** Work instructions **
Could you restate word for word only the lines below from the one holding "Yamaha yb 100" to the one holding "MAXSIN FUN 2", inclusive, and leave out the pictures?

** Data for this task **
· · · · ·

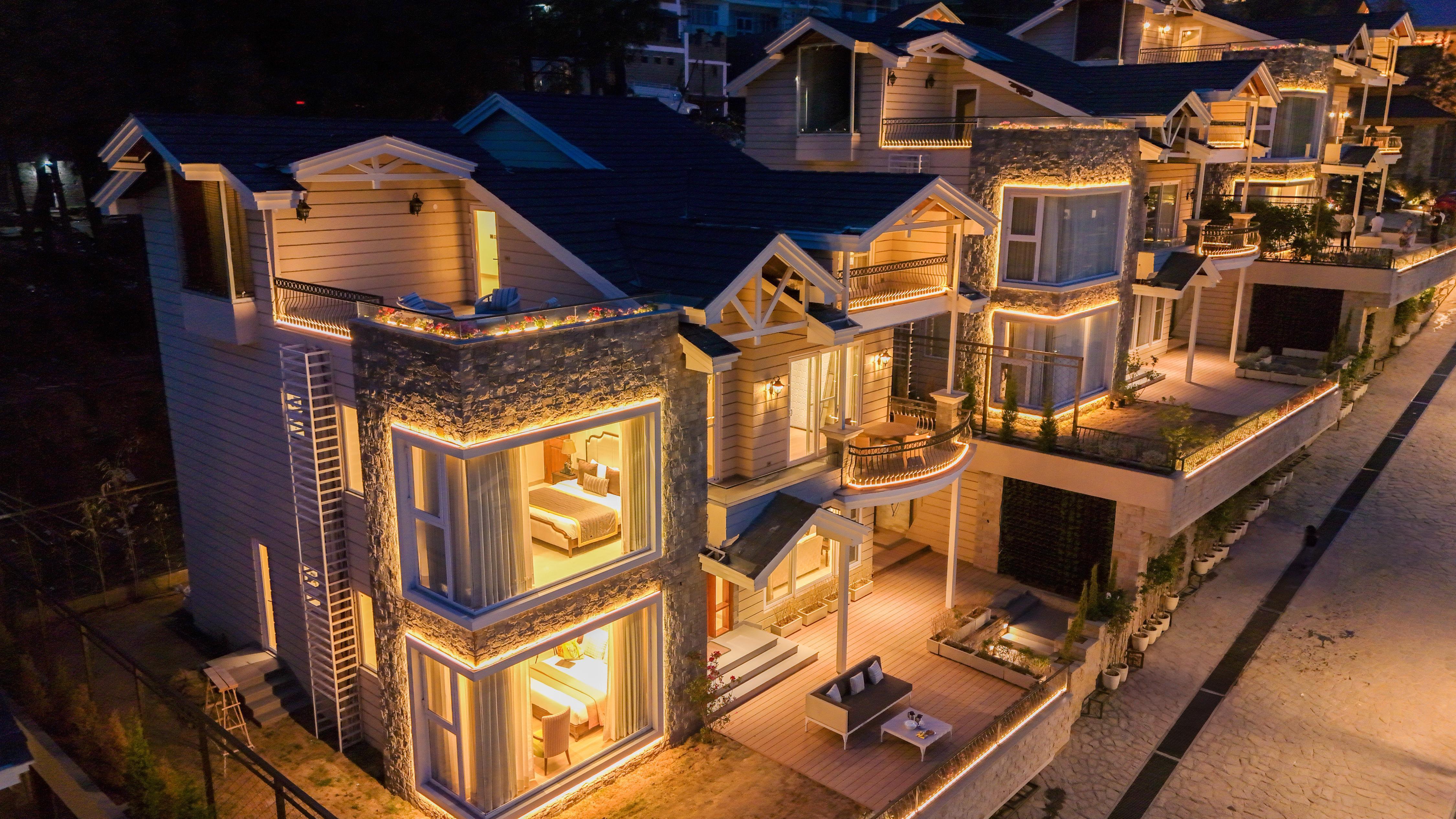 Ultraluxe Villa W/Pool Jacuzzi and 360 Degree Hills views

· · · · ·

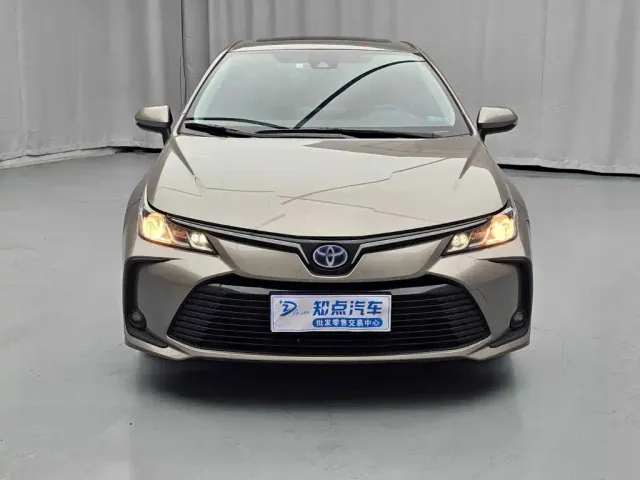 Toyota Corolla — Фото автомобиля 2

· · · · ·

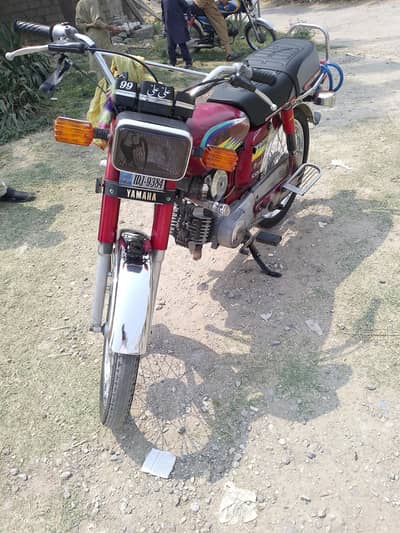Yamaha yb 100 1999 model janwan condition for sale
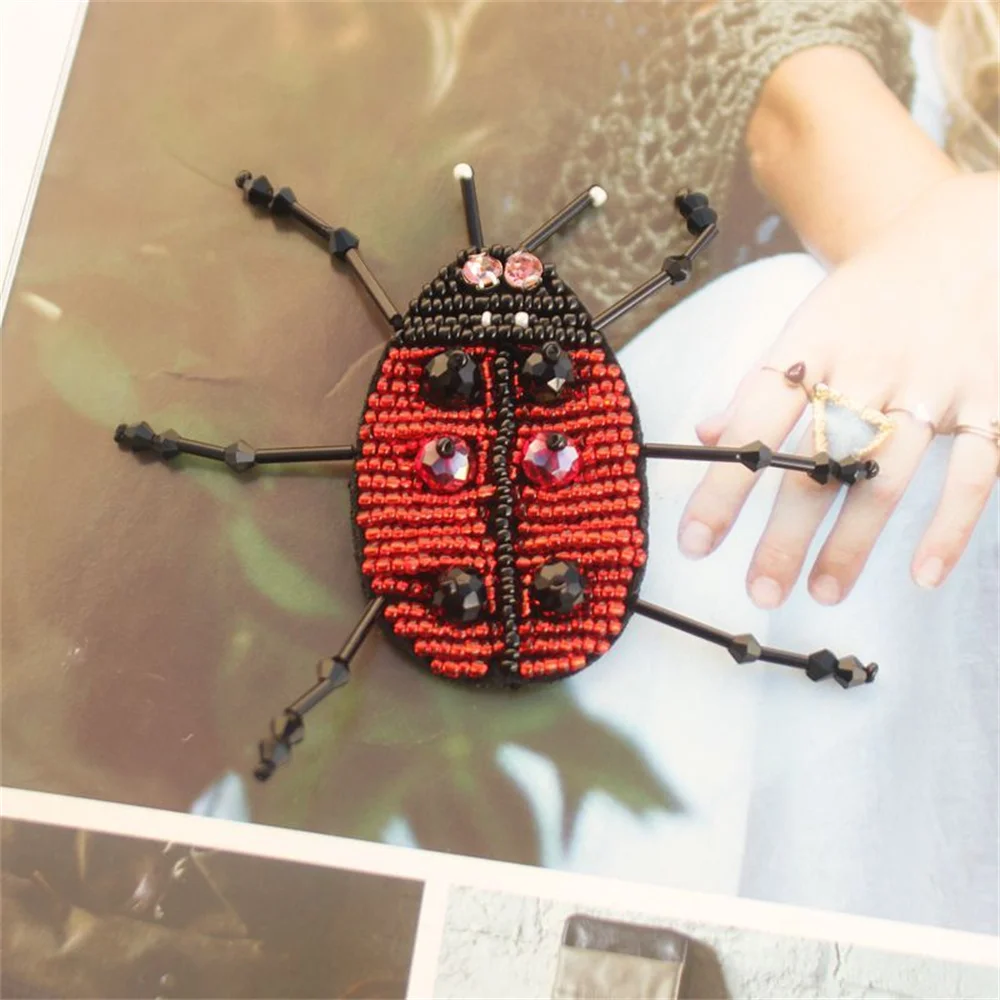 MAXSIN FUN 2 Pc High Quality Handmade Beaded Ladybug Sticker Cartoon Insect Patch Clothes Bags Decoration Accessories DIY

· · · · ·

** Result of this task **
Yamaha yb 100 1999 model janwan condition for sale
 MAXSIN FUN 2 Pc High Quality Handmade Beaded Ladybug Sticker Cartoon Insect Patch Clothes Bags Decoration Accessories DIY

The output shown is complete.